それでは、どんなような波及効果があるのかな。一言で言いますと、滑走路が一本ふえますので、今およそ年間二十八万回の発着から、四十一万回近くになる。そのうちの三万回部分を国際線に割り振ることができる。すなわち、国際定期便の運行が可能になってくる。これによりまして、委員が今御指摘されましたように、神奈川県というのは大きな工業地帯もありますけれども、古都鎌倉や箱根や湘南海岸といったような大変観光明媚なところでございますので、観光というふうにも外国のお客様をお連れすることができる。そういうものにお役立て願えればと考えております。
そして、経済波及効果がどのぐらいあるのか。これは試算の上でございますけれども、調べてみましたら、生産額等々の増加で、一都三県で一兆二千億円、雇用増は一都三県で十一万人。これが全国ベースにしますと二兆円と十八万人と、さらに我が国の経済の再活性化にこの羽田空港の再拡張事業というものが資するところが明らかになったわけでございます。
それに伴いましてと申しますか、ただ、事業規模が大変大きい事業でございますので、節約できるところは節約して、必要なものは必要、委員がこれから御質問をされます神奈川口構想というものも、神奈川県とのアクセスという上で私も大変重要だと認識しておりますので、そういう部分にしっかりと予算を回す上でも、節約できるところは節約して、民間にお願いできるところは民間にお頼みして、この再拡張事業というものを進めてまいりたいと考えております。
○古屋(範)分科員 大変な経済効果があるということでございますけれども、現在、私なども住んでおります首都圏におきましても、地域によりましては、成田にあります新東京国際空港に参りますには大変時間がかかる地域がございます。例えば、近隣諸国にここから旅立つ場合には、旅立って飛行機に乗っている時間よりも、逆に成田に行く方が時間がかかってしまうとか、また宿泊しなければならない。また、成田に着かれた海外からの観光客も、同様のことが言えるかと思います。
ただいまも大臣から簡単な御説明がありましたが、このたびの羽田空港再拡張後の国際化のあり方について、もう少し詳しくお答えいただきたいと思います。
○石川政府参考人 先ほど大臣からお話がありましたように、羽田の再拡張後の便数でございますが、現在が年間二十八・五万回から四十・七万回というふうに増強されることとなっておりまして、さらに、そのうちの三万回程度については国際定期便の受け入れということが可能だろうと思っております。
首都圏における国際空港についてでございますが、基本的には、羽田空港が国内線、成田空港は国際線、それぞれの拠点空港であるということは変わりはないわけでございますが、羽田空港の再拡張後に就航する国際定期便の路線、こういうものにつきましては、今お話がありましたように、特に近距離国際路線ということを基本的に考えておる次第でございます。

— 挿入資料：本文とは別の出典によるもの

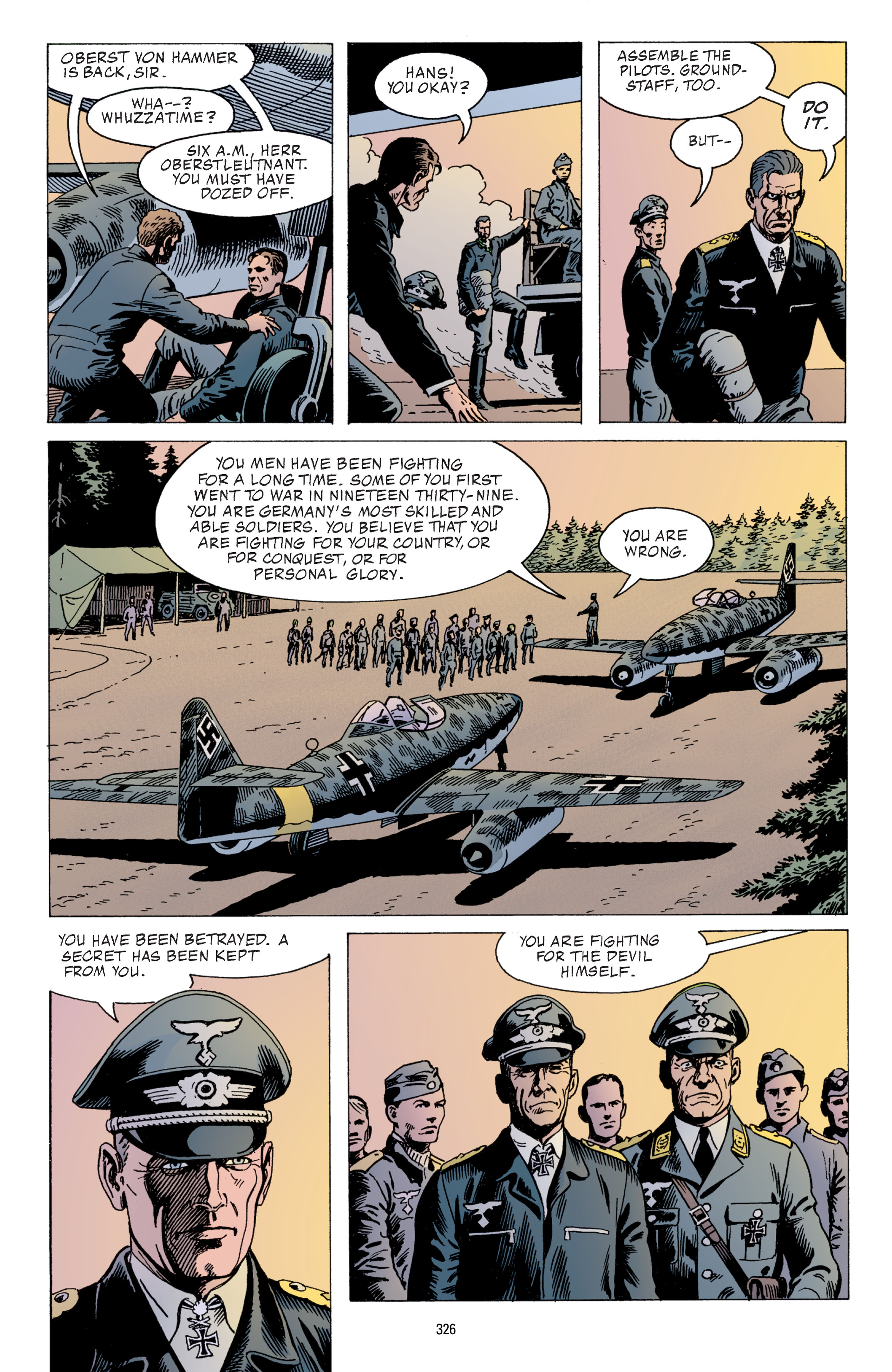 DC Goes to War (2020) issue 1 - Page 323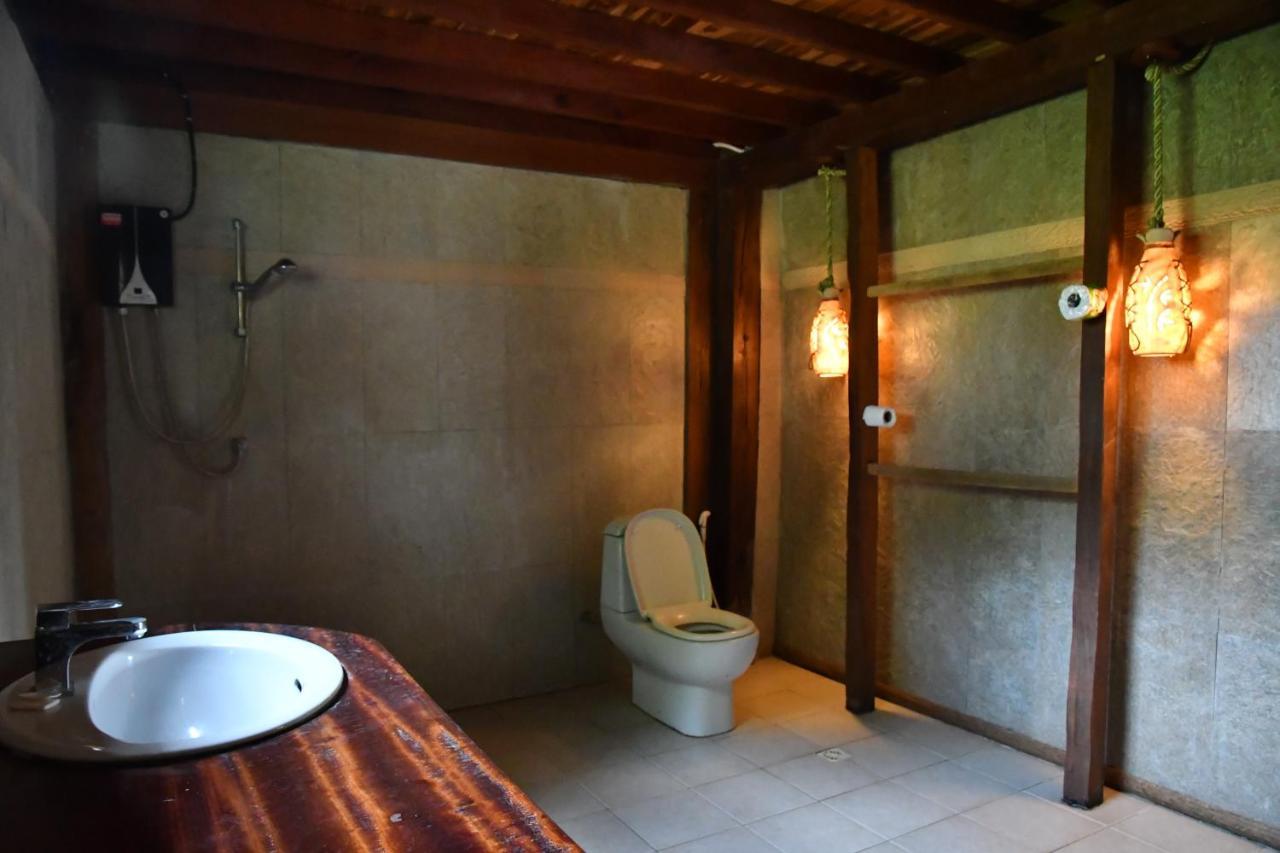 Nirvana Archipel Resort Vang Vieng Exteriér fotografie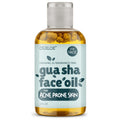 Ouiloe Gua Sha Oil for Acne Prone Skin - Unscented, Non-Comedogenic (2 oz)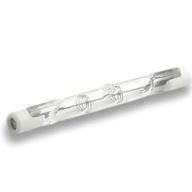 Lineárna halogénová žiarovka 150 W J78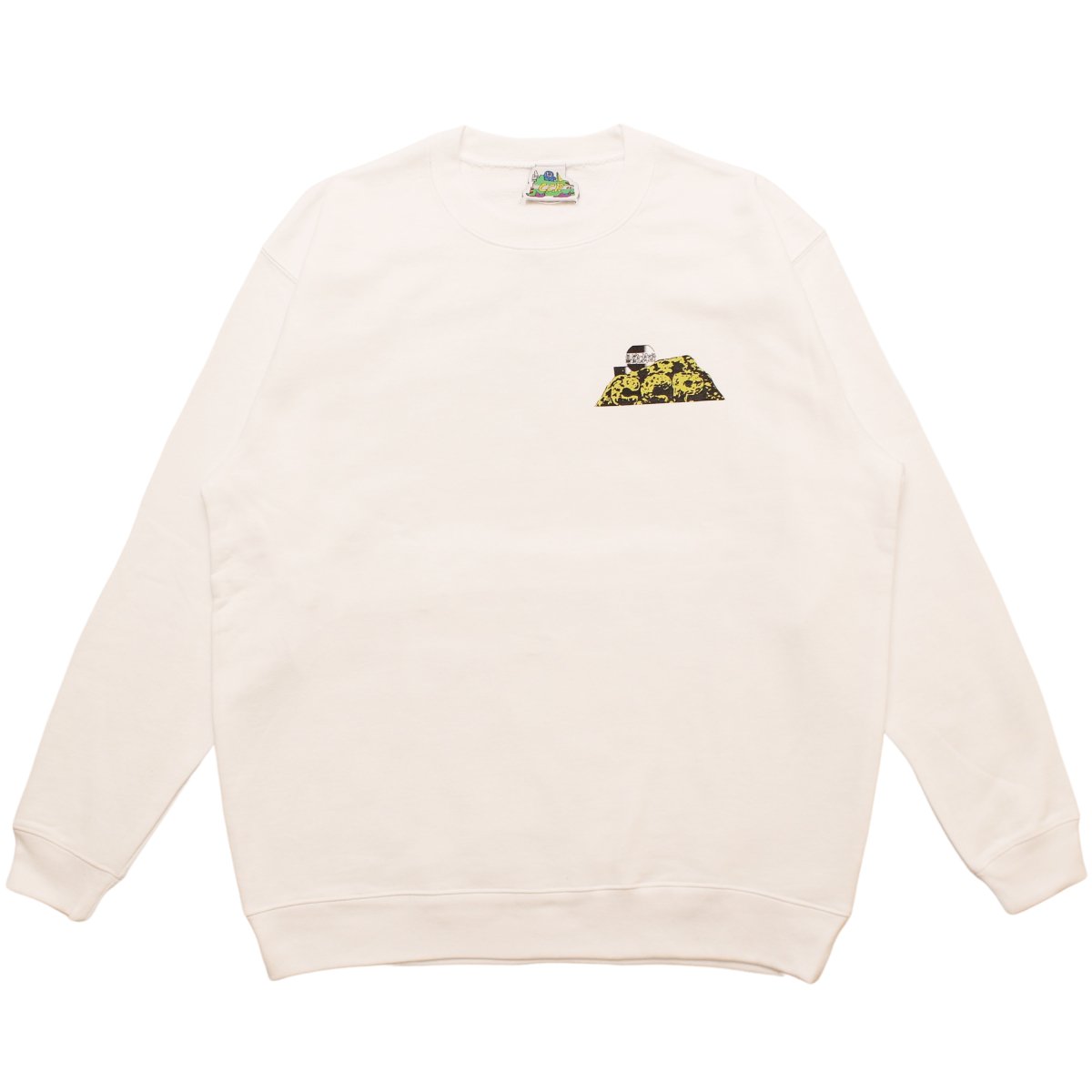 Hiroshi Iguchi The Unindentified Island Sweatshirt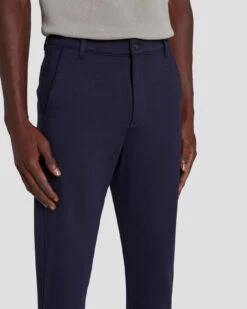 7 For All Mankind Travel Chino In Navy -7 For All Mankind Shop 7T808B96 NVY 3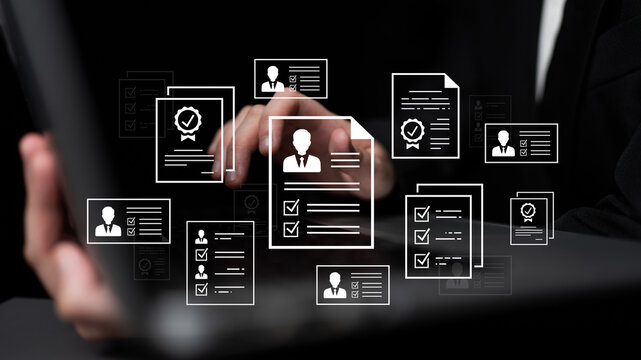 Digital Workplace with Document Management and Resume Organization in the Modern Business Environment. Entropy.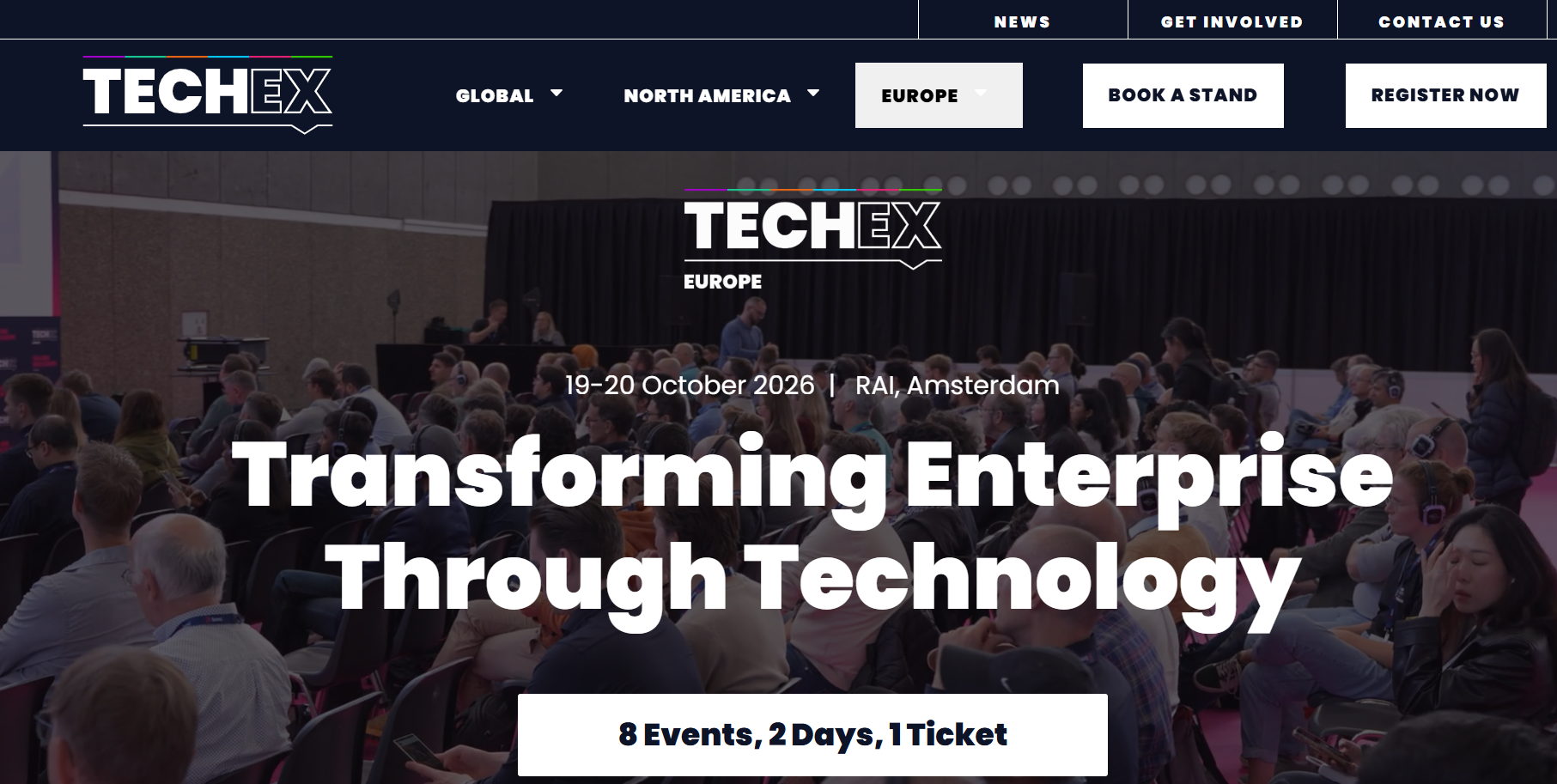 TECHEX Europe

具体的にどこかということにつきましては、現時点では決定しているわけではございませんが、現在の羽田発着の国内線の最大距離は、実は羽田と石垣空港間でございまして、これが千九百四十七キロという距離にございます。これを一つの目安として、今後検討していくということになろうかと思います。
○古屋(範)分科員 この羽田空港の再拡張また国際化は、首都圏、特に神奈川にどのような波及効果をもたらすとお考えでしょうか、御質問いたします。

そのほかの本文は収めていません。